I use in that folder in case you want to give it a try.

Now on Merrifield dwc3_get_extcon() doesn't do anything but call
extcon_get_extcon_dev() which doesn't touch any hardware or interact
with other drivers, so assuming

So current v6.0 has: dwc3_get_extcon - dwc3_get_dr_mode - ... -
dwc3_core_init - .. - dwc3_core_init_mode (not working)

I changed to: dwc3_get_dr_mode - dwc3_get_extcon - .. - dwc3_core_init -
.. - dwc3_core_init_mode (no change)

Then to: dwc3_get_dr_mode - .. - dwc3_core_init - .. - dwc3_get_extcon -
dwc3_core_init_mode (works)
still holds(did you double check that with vanilla v6.0?) the only
I didn't check
difference that I can see is execution timings. It seems to me it's
either an extra delay added by execution of  extcon_get_extcon_dev()
(unlikely) or multiple partial probes that include dwc3_core_init()
that change things. You can try to check the latter by adding an
artificial probe deferral point after dwc3_core_init(). Something like
(didn't test this):

modified   drivers/usb/dwc3/core.c
@@ -1860,6 +1860,10 @@ static int dwc3_probe(struct platform_device *pdev)
    goto err3;

    ret = dwc3_core_init(dwc);
+ static int deferral_counter = 0;
+ if (deferral_counter++ < 9) /* I counted 9 deferrals in my testing */
+ ret = -EPROBE_DEFER;
+
    if (ret) {
    dev_err_probe(dev, ret, "failed to initialize core\n");
    goto err4;
Not sure how you wanted this tested. So I assume on vanilla booting from
btrfs on eemc. It crashes but maybe the trace is usefull. After crash it
continues but no USB appears at all.

I think you'll have to experiment with that code placement to emulate
a deferred probe for the old location of "get extcon".  I'd focus on
figuring out the root filesystem variable first before trying to get
this to work.

Yes, did that as described above. I think that "rootfstype=btrfs" causes some ordering issue, like as if xhci goes to soon. It goes before:

spi_master spi5: GPIO lookup for consumer cs

while tusb1210 when it does probe starts with:

tusb1210 dwc3.0.auto.ulpi: GPIO lookup for consumer reset

and xhci follow later.

To be explicit, at this point I don't think the revert is really
warranted. I'm also happy to reply/help you with suggestions, but you
are going to have to start driving this.

I agree that reverting based on a "regression" can not be concluded here as dwc3 on merrifield never worked without an out-of-tree patch. And your patch makes that out-of-tree patch obsolete - that's a good thing.

But I do think your patch is exposing an older issue that makes dwc3 sensitive to ordering.

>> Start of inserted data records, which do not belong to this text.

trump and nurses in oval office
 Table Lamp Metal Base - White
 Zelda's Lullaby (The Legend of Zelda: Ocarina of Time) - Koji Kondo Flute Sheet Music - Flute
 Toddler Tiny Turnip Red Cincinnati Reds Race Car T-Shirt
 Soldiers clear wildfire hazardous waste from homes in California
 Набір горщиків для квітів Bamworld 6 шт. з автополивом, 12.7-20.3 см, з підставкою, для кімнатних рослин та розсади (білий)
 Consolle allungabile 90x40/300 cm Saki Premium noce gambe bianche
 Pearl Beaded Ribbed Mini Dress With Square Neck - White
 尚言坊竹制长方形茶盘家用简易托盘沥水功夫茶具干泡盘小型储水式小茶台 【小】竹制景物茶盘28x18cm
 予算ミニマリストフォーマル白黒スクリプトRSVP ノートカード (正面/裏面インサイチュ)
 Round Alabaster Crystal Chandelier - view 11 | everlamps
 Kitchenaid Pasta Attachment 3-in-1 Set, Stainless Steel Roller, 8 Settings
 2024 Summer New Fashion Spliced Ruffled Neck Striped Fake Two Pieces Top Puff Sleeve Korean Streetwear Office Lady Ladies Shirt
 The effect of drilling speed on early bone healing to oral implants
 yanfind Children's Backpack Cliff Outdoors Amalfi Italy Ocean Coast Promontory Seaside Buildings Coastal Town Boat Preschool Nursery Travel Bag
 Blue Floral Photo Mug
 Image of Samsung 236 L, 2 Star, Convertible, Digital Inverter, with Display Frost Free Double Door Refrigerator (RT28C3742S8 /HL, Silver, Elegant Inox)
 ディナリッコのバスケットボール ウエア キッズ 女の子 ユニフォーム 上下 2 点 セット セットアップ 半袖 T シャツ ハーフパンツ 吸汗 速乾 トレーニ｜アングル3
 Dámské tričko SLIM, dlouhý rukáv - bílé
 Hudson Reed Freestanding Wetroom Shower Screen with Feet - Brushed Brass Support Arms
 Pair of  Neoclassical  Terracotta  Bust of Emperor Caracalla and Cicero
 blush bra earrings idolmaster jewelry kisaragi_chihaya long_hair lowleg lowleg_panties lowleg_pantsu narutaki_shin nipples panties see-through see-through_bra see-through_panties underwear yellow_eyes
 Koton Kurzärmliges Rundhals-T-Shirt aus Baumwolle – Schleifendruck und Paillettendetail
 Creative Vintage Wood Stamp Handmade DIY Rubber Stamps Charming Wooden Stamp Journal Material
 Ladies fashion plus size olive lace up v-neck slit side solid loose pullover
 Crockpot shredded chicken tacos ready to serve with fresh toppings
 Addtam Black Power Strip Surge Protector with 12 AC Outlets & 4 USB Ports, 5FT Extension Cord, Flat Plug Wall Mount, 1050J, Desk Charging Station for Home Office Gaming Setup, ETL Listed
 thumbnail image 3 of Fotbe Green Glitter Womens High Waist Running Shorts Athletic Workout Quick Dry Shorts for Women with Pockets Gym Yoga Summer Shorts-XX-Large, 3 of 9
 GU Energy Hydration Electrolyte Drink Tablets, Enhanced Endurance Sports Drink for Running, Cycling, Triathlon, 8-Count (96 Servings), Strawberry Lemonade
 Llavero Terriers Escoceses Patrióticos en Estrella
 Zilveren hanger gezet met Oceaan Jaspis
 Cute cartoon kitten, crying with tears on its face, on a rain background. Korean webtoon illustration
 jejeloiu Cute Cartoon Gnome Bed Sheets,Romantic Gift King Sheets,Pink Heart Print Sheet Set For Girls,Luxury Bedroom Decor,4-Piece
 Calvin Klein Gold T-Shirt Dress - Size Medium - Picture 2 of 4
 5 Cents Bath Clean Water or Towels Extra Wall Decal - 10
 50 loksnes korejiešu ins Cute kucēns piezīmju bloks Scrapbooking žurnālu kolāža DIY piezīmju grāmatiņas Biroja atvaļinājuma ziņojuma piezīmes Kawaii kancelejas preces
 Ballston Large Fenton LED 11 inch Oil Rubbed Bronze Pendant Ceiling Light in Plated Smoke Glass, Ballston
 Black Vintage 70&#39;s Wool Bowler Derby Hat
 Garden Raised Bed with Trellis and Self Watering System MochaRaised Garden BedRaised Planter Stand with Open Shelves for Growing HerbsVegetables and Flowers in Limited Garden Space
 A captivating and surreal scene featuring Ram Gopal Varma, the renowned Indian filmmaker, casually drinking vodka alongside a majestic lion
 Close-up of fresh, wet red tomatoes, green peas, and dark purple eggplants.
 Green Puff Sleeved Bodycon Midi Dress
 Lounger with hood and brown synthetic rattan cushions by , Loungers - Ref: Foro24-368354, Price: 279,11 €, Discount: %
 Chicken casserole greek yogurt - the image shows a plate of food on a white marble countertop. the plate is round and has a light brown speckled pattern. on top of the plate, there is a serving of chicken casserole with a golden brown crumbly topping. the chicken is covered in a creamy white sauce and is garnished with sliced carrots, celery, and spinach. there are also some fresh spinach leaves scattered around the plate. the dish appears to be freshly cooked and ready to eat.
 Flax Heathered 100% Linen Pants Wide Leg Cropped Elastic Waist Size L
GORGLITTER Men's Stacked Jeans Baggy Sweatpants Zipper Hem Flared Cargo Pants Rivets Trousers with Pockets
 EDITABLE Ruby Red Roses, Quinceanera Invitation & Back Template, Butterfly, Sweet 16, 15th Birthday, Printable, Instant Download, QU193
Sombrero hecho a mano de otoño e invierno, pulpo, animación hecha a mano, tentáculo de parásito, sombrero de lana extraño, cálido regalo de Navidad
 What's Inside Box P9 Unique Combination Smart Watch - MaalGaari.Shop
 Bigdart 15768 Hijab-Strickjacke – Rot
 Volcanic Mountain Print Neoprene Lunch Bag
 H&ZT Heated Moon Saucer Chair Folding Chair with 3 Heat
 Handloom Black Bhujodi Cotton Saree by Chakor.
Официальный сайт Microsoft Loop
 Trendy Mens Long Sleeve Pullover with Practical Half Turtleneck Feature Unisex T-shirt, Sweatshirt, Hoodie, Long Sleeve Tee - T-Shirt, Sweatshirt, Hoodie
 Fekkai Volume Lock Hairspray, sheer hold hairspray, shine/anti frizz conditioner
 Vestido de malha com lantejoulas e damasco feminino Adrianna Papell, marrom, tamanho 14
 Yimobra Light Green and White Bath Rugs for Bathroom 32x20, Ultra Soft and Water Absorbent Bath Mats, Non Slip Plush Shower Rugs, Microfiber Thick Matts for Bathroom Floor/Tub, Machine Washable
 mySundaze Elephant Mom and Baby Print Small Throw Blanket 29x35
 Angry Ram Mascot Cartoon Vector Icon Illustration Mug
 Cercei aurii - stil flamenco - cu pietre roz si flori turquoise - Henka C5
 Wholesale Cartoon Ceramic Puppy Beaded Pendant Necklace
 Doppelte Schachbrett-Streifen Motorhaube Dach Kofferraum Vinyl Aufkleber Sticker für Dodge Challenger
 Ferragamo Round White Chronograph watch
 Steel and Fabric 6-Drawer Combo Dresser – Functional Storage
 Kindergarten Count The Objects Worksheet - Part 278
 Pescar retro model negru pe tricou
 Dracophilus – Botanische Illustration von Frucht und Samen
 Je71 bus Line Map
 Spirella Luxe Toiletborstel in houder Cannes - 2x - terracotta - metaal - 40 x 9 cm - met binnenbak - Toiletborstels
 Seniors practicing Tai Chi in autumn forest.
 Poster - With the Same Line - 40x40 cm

I would very much appreciate if you could try "rootfstype=btrfs" to reproduce. It think it would be a good thing to resolve it so that the effort here has not been for nothing.

My next step will be to move around the code placement as you suggest. (I can spend a few hours in the evenings only as this is not my day job, so explains if I'm a bit slow to respond here).